# What to work on
Every line from the one with "1454 Blueridge Drive Los Angeles, CA 90210" to the final line of the records should be printed exactly as it is, with pictures left out.

# Saved data entries
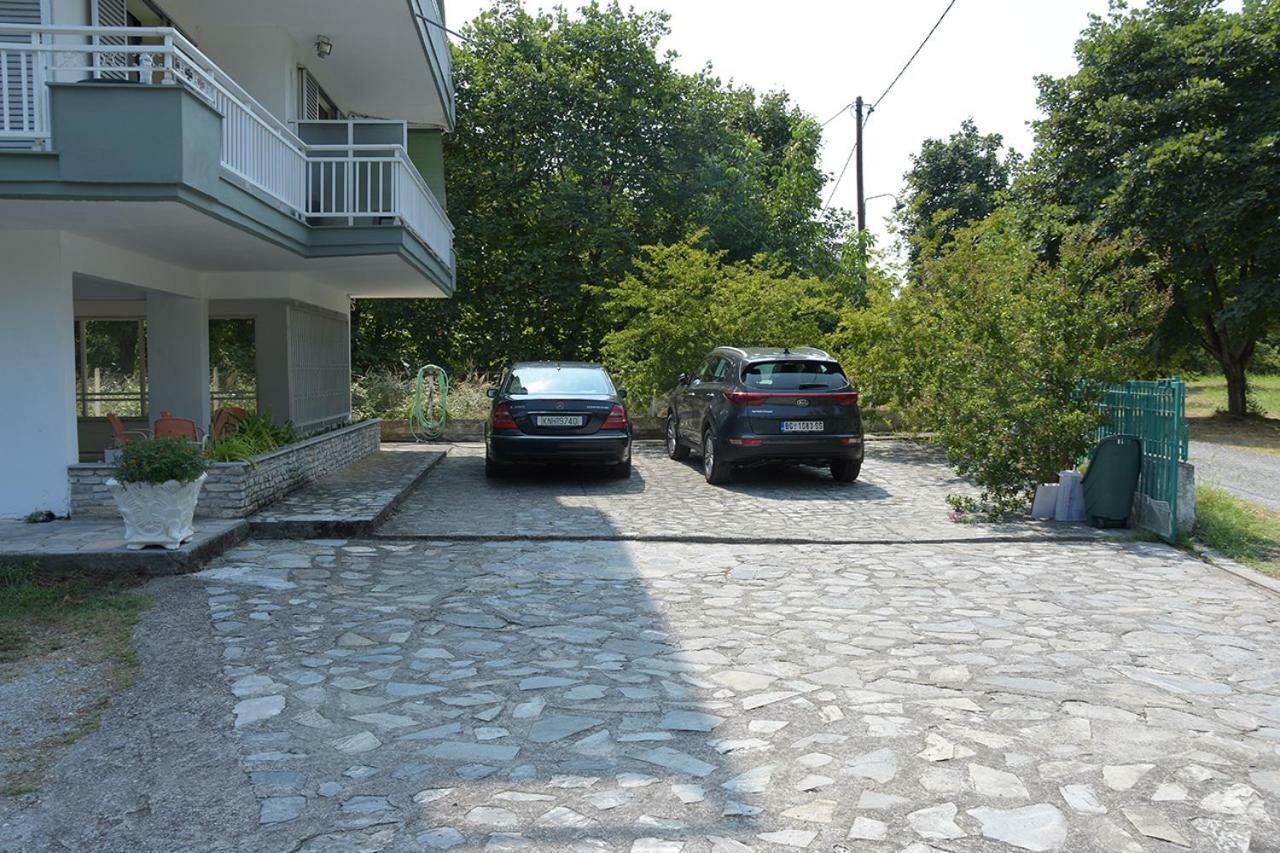 Prado Apartments 리토코론 외부 사진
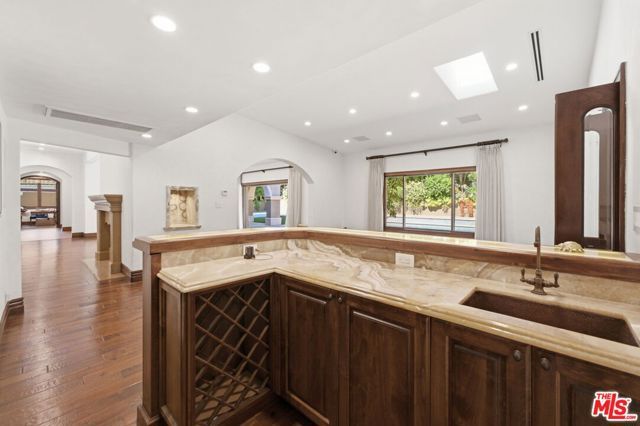 2108 San Ysidro Drive, Beverly Hills, CA 90210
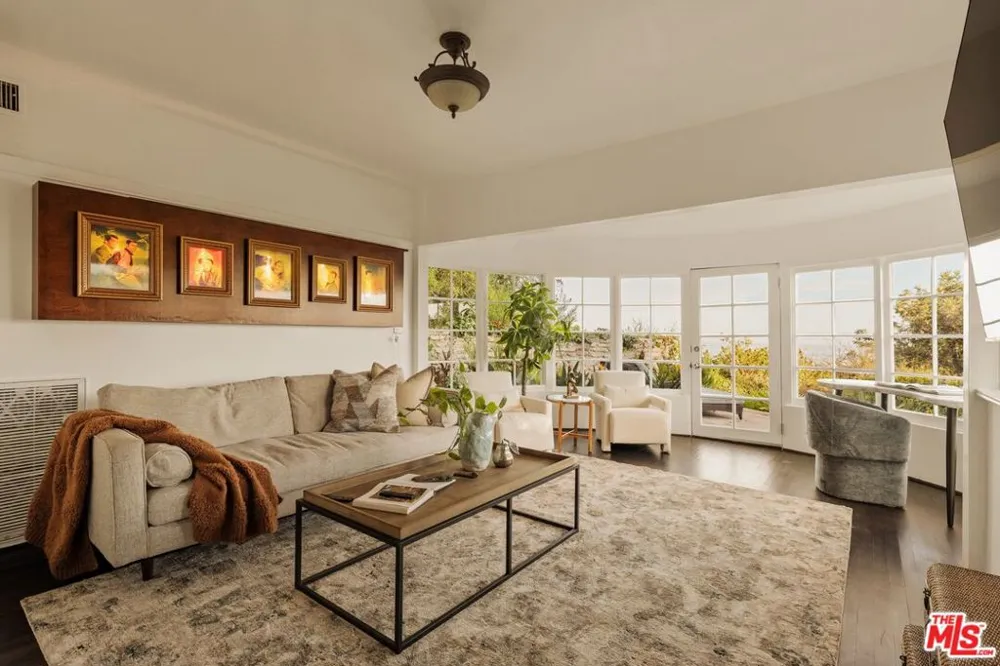 1454 Blueridge Drive Los Angeles, CA 90210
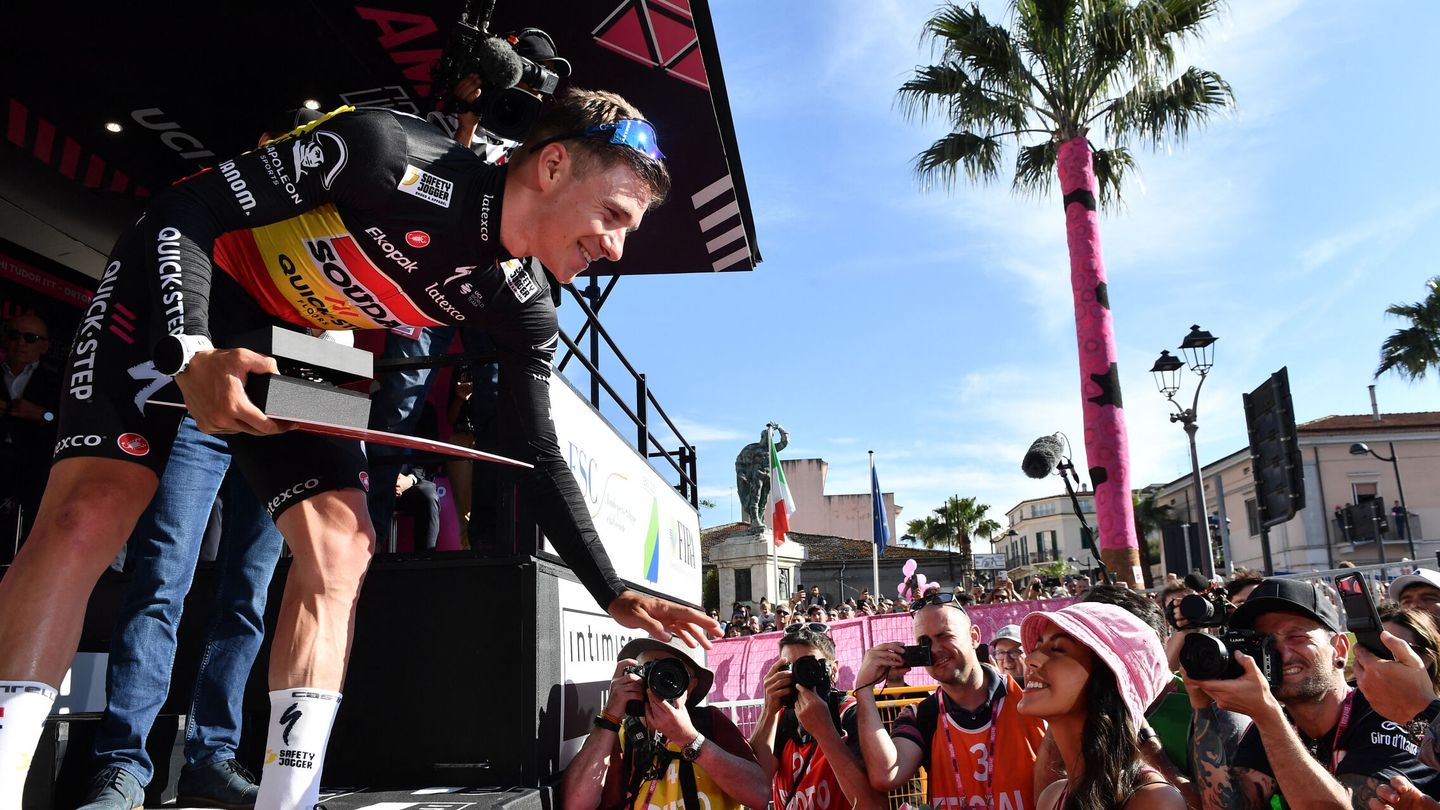 Los aficionados se congregaron para recibir una nueva edición del Giro. (Reuters/Vincent West)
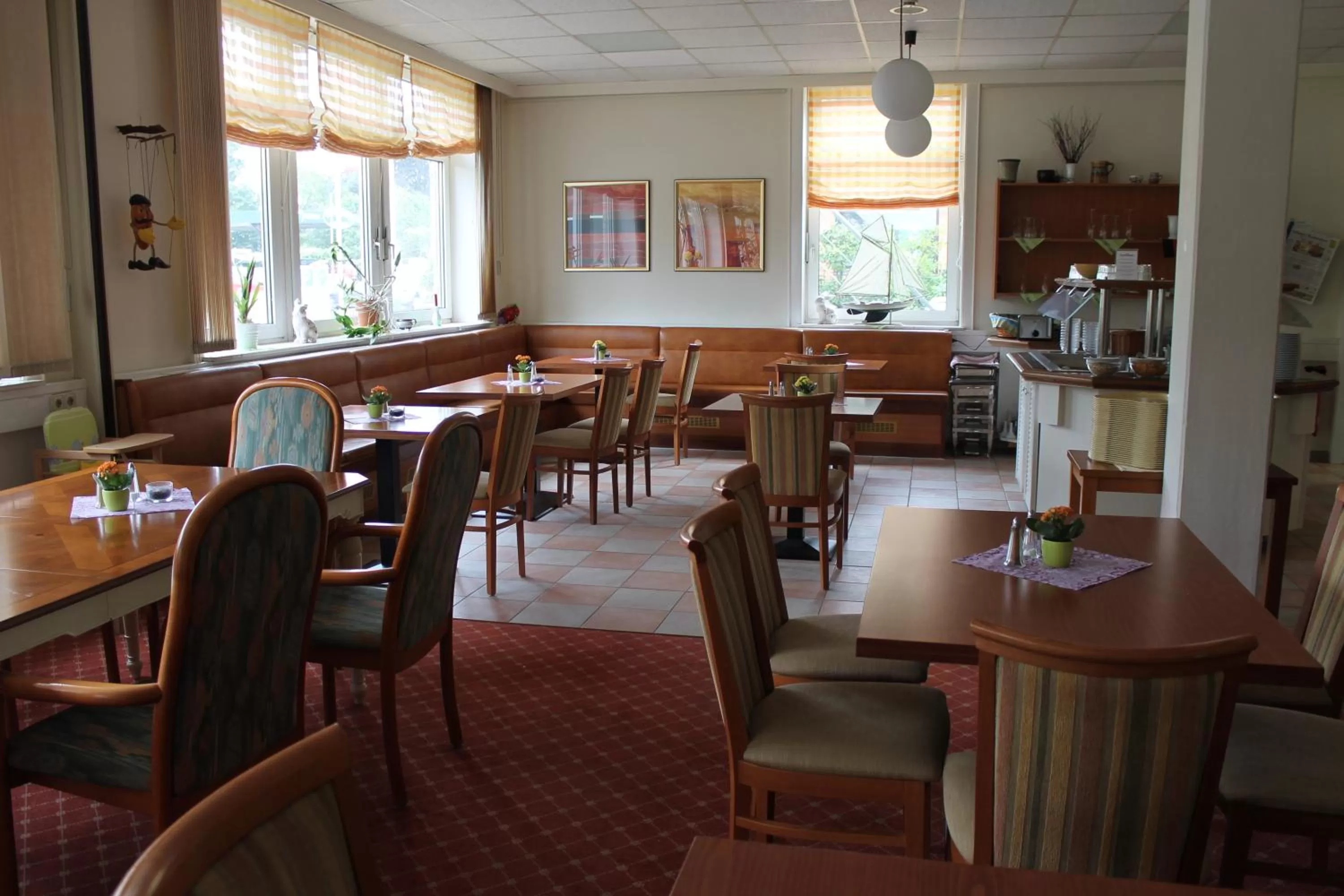 Restaurant/places to eat in Traveller Hotel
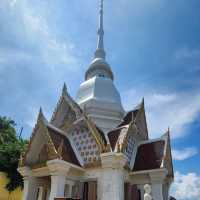 華欣的山頂寺廟 — 筷子山寺（Wat Khao Takiap）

# Response to the exercise
 1454 Blueridge Drive Los Angeles, CA 90210
 Los aficionados se congregaron para recibir una nueva edición del Giro. (Reuters/Vincent West)
 Restaurant/places to eat in Traveller Hotel
 華欣的山頂寺廟 — 筷子山寺（Wat Khao Takiap）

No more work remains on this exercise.